What carries the argument
Cross-Layer Consistency-Enhanced Scoring (CLCES) that tracks sustained salience across layers combined with Hybrid Cache Compression (HCC) that performs three-tier triage and nearest-neighbor merging on the key-vector manifold.
If this is right
- Higher reconstruction accuracy and long-term stability on 7-Scenes, NRGBD, ETH3D, Bonn, and KITTI.
- Strict adherence to constant memory and compute budgets without any training.
- Reduced information loss compared with pure eviction that deletes tokens outright.
- Robust scores derived from order-statistical analysis across the transformer hierarchy.
Where Pith is reading between the lines
- The same merging strategy on the key-vector manifold could be tested on other streaming transformer applications such as video object tracking or scene flow estimation.
- Cross-layer consistency tracking may reduce sensitivity to single-layer activation noise in related vision transformers that process sequential data.
- The three-tier triage could be adapted to trade off accuracy against memory in real-time robotics pipelines that must run indefinitely.
Load-bearing premise
Merging tokens by nearest-neighbor similarity in key space will preserve the geometric information needed for accurate 3D reconstruction without adding new distortions.
What would settle it
A controlled test on long video sequences where reconstruction error rises or geometric fidelity drops when hybrid merging is enabled compared with a larger-memory baseline that simply retains all tokens.
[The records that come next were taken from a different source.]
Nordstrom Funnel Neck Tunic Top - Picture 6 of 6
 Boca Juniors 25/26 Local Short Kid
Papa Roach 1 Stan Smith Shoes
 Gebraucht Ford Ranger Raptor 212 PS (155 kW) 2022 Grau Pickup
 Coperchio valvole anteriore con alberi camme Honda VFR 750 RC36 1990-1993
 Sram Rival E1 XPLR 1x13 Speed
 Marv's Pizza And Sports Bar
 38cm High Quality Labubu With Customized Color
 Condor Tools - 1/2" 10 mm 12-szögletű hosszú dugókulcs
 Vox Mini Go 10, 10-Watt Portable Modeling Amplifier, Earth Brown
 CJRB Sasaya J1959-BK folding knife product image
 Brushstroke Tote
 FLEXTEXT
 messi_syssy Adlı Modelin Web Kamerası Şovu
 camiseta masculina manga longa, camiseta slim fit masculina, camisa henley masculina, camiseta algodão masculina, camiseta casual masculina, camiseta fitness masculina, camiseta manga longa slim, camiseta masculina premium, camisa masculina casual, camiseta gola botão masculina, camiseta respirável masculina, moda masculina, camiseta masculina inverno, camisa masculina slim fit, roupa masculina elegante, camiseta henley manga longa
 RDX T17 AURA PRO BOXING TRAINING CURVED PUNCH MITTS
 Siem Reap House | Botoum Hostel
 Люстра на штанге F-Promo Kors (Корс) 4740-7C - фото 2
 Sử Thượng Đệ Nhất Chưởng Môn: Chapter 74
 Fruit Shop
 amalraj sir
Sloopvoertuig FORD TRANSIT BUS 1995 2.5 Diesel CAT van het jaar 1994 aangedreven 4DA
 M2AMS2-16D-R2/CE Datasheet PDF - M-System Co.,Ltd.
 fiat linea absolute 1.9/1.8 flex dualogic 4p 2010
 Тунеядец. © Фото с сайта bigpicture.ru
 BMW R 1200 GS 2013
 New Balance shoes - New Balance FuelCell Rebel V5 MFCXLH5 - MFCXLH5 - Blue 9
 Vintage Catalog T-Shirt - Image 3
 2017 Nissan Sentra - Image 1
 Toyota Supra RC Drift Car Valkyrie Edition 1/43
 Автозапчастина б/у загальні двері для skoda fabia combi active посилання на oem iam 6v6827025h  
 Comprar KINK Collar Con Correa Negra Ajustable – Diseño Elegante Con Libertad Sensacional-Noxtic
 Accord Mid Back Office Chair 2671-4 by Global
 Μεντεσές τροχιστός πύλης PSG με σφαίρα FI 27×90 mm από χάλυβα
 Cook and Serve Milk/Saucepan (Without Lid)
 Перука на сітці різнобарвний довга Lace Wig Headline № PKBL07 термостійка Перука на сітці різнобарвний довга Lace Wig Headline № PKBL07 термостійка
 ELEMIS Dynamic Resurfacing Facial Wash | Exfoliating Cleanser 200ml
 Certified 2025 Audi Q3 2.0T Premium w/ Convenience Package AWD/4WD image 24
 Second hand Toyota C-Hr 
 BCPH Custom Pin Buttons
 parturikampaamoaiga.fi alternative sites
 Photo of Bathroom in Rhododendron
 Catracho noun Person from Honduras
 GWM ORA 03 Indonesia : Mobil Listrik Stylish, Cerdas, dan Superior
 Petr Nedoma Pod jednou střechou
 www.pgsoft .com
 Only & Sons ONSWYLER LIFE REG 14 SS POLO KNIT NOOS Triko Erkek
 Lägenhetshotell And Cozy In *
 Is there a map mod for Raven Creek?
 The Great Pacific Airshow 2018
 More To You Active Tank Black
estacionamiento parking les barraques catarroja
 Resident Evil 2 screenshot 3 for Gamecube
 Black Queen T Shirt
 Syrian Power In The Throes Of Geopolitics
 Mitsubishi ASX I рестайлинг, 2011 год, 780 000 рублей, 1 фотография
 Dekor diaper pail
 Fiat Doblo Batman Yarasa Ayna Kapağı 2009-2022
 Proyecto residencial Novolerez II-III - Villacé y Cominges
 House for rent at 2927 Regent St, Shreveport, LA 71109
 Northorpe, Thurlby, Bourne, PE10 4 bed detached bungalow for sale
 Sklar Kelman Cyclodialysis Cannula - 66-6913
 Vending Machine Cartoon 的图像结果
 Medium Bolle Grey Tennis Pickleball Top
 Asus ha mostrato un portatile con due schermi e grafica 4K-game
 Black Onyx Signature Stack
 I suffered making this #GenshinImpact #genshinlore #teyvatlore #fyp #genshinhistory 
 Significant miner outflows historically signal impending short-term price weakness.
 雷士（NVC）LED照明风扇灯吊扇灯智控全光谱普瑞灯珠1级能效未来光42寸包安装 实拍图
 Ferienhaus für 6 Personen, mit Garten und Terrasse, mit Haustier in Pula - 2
read the original abstract
Reconstructing dense 3D geometry from continuous video streams requires stable inference under a constant memory budget. Existing $O(1)$ frameworks primarily rely on a ``pure eviction'' paradigm, which suffers from significant information destruction due to binary token deletion and evaluation noise from localized, single-layer scoring. To address these bottlenecks, we propose StreamCacheVGGT, a training-free framework that reimagines cache management through two synergistic modules: Cross-Layer Consistency-Enhanced Scoring (CLCES) and Hybrid Cache Compression (HCC). CLCES mitigates activation noise by tracking token importance trajectories across the Transformer hierarchy, employing order-statistical analysis to identify sustained geometric salience. Leveraging these robust scores, HCC transcends simple eviction by introducing a three-tier triage strategy that merges moderately important tokens into retained anchors via nearest-neighbor assignment on the key-vector manifold. This approach preserves essential geometric context that would otherwise be lost. Extensive evaluations on five benchmarks (7-Scenes, NRGBD, ETH3D, Bonn, and KITTI) demonstrate that StreamCacheVGGT sets a new state-of-the-art, delivering superior reconstruction accuracy and long-term stability while strictly adhering to constant-cost constraints.
Editorial analysis
A structured set of objections, weighed in public.
Referee Report
Summary. The paper proposes StreamCacheVGGT, a training-free framework for constant-memory streaming 3D geometry reconstruction from video using Visual Geometry Transformers. It introduces Cross-Layer Consistency-Enhanced Scoring (CLCES) to track token importance across layers via order statistics and Hybrid Cache Compression (HCC) with a three-tier triage that merges moderately important tokens via nearest-neighbor assignment on the key-vector manifold, claiming SOTA accuracy and long-term stability on the 7-Scenes, NRGBD, ETH3D, Bonn, and KITTI benchmarks while avoiding binary eviction.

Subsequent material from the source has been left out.